I removed my carburetor to clean the the jet. I placed all the screws and such on the fuel tank as I removed them. When I put it back together I was left with this part and I can't remember where it goes.
it measures 3/4 length by 1/4 I.D.













Thanks
Jason


----------



## JLawrence08648 (Jan 15, 2017)

Maybe you should tell us engine?


----------



## classiccat (Mar 1, 2014)

Welcome Jason! 

some info regarding engine, blower model # & year would be helpful.

it looks like a valve guide to me :tongue:


----------



## jtclays (Sep 24, 2010)

It looks like a spacer to me.
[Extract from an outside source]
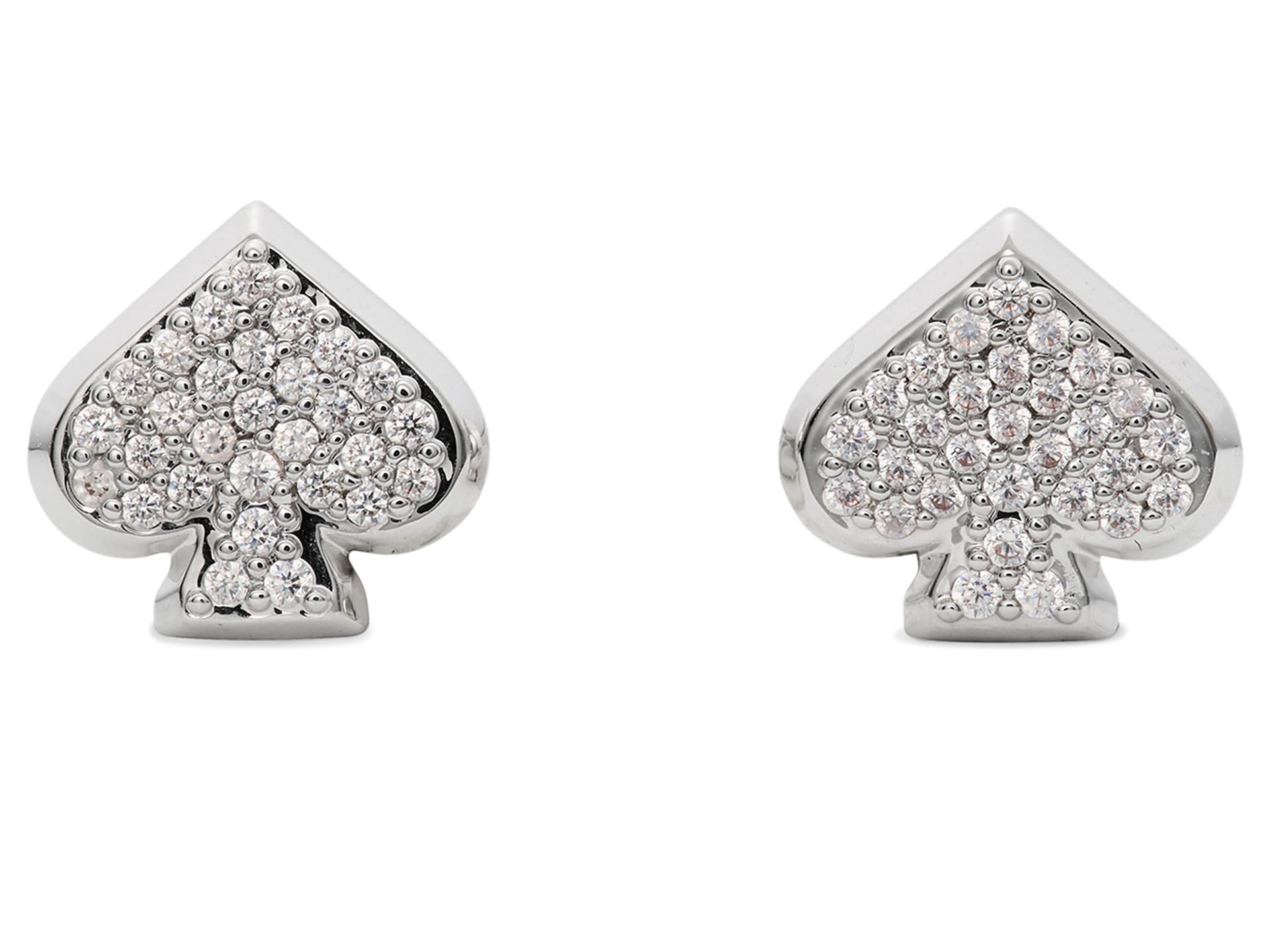 kate spade new york womens Everyday Spade Studs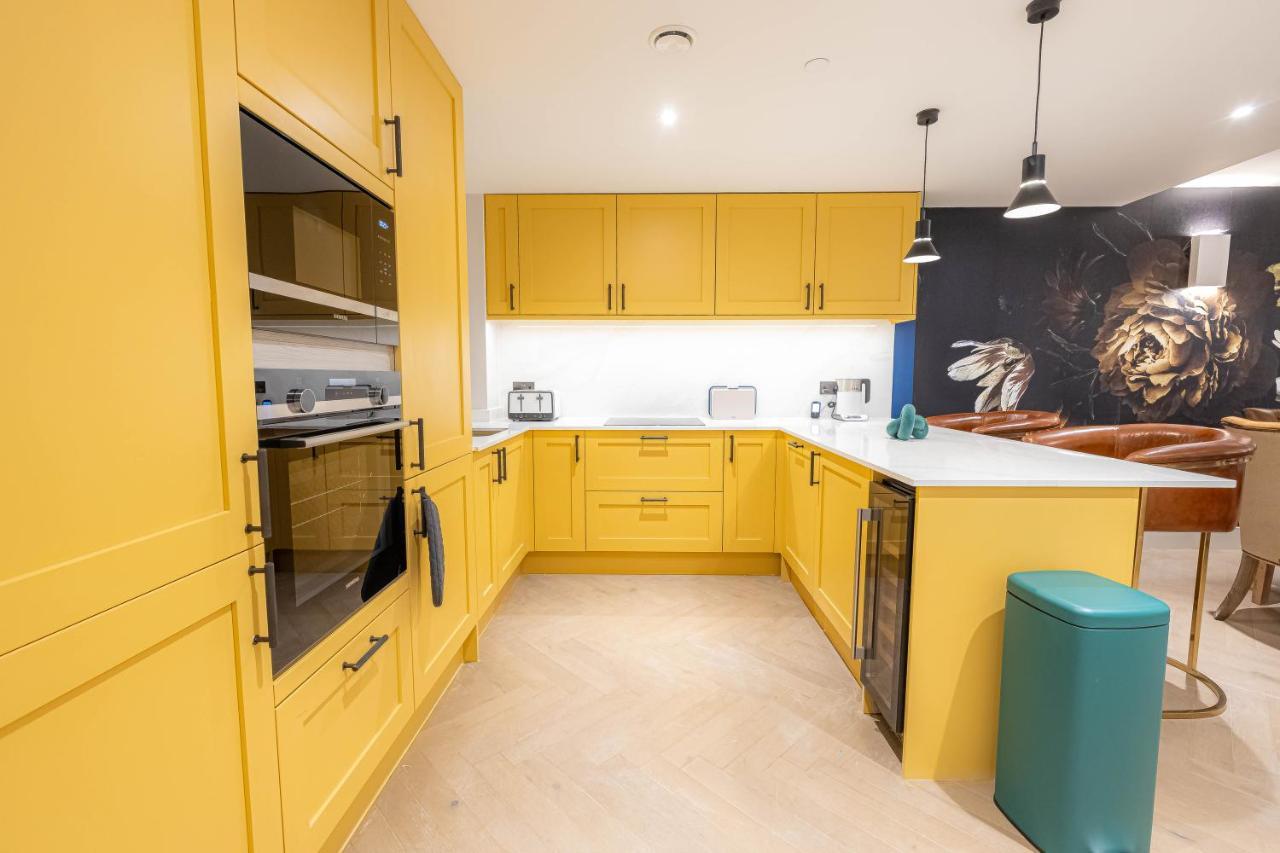 Three Bedroom Near Brick Lane By Belvilla Londen Buitenkant foto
How much stuff did you take off to get to the carb? Maybe a sleeve or spacer for the starter??? MTD's have that Powermore engine and I know you end up taking lots of shrouding to get to the carb. Just random thoughts without knowing how much you dug into the engine.


----------



## jayman (Mar 13, 2017)

Sorry. It's a Storm 2620 year 2012. With a Troy-Bilt 752Z370-SUC 208cc engine. I took off the muffler shield, muffler, front plastic panel with the choke and throttle knobs. I removed linkage, fuel hose, and carburetor.


----------



## jtclays (Sep 24, 2010)

Wonder if the throttle or choke have a sleeve inside there?


----------



## 524SWE (Jan 20, 2017)

looks like one of the spacers that go inside the shroud over the carb. there's a long and a short one, they fit inside the shroud, over the studs that the carb slides onto, two acorn nuts hold the carb on, the spacers and the acorn nuts work together so you don't over tighten the carb.


----------



## 524SWE (Jan 20, 2017)

here's a picture, I don't remember which side is longer but I think it will be obvious.


----------



## jayman (Mar 13, 2017)

524SWE said:


> looks like one of the spacers that go inside the shroud over the carb. there's a long and a short one, they fit inside the shroud, over the studs that the carb slides onto, two acorn nuts hold the carb on, the spacers and the acorn nuts work together so you don't over tighten the carb.



Thank you so much. I was loosing my mind. I couldn't find this part listed anywhere. 


Again thank you,
Jason


----------



## 524SWE (Jan 20, 2017)

your welcome, no problemo! it doesn't show on most parts websites


----------